Donald Trump’s Muslim Ban Is Cowardly and Dangerous

By The EDITORIAL BOARD

First, reflect on the cruelty of President Trump’s decision on Friday to indefinitely suspend the resettlement of Syrian refugees and temporarily ban people from seven predominantly Muslim nations from entering the United States. It took just hours to begin witnessing the injury and suffering this ban inflicts on families that had every reason to believe they had outrun carnage and despotism in their homelands to arrive in a singularly hopeful nation.

The first casualties of this bigoted, cowardly, self-defeating policy were detained early Saturday at American airports just hours after the executive order, ludicrously titled “Protecting the Nation From Foreign Terrorist Entry Into the United States,” went into effect. A federal judge in Brooklyn on Saturday evening issued an emergency stay, ordering that those stuck at the airports not be returned to their home countries. But the future of all the others subject to the executive order is far from settled.

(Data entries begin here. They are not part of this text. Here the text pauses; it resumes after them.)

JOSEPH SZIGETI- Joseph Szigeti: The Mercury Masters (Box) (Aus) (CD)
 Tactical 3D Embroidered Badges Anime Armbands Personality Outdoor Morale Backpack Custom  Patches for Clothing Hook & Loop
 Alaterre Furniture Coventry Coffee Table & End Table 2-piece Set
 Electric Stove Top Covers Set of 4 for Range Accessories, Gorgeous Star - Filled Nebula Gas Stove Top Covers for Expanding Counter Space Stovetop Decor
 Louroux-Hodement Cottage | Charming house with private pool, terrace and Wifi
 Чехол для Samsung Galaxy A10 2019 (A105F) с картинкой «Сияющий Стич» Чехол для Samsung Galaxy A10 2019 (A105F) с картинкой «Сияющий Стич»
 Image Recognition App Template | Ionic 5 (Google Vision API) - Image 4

It must have felt like the worst trick of fate for these refugees to hit the wall of Donald Trump’s political posturing at the very last step of a yearslong, rigorous vetting process. This ban will also disrupt the lives and careers of potentially hundreds of thousands of immigrants who have been cleared to live in America under visas. On Saturday, as mass protests against that ban were held in various cities, the White House scaled back the reach of the policy, though not by much, exempting legal permanent residents.

That the order, breathtaking in scope and inflammatory in tone, was issued on Holocaust Remembrance Day spoke of the president’s callousness and indifference to history, to America’s deepest lessons about its own values.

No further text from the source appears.